* _Extracted entries_:
.....
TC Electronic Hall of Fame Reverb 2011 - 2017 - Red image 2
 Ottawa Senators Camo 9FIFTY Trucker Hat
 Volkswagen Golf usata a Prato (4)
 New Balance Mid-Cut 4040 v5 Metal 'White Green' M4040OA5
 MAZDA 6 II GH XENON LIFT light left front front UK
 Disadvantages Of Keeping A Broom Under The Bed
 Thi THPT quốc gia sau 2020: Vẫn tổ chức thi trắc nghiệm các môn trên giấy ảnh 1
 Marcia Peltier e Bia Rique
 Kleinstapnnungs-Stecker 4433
.....
* _What needs to be done_:
Transcribe exactly, and only, the lines from the opening line of the records through the line containing "MAZDA 6 II GH".

* _Solution to this exercise_:
TC Electronic Hall of Fame Reverb 2011 - 2017 - Red image 2
 Ottawa Senators Camo 9FIFTY Trucker Hat
 Volkswagen Golf usata a Prato (4)
 New Balance Mid-Cut 4040 v5 Metal 'White Green' M4040OA5
 MAZDA 6 II GH XENON LIFT light left front front UK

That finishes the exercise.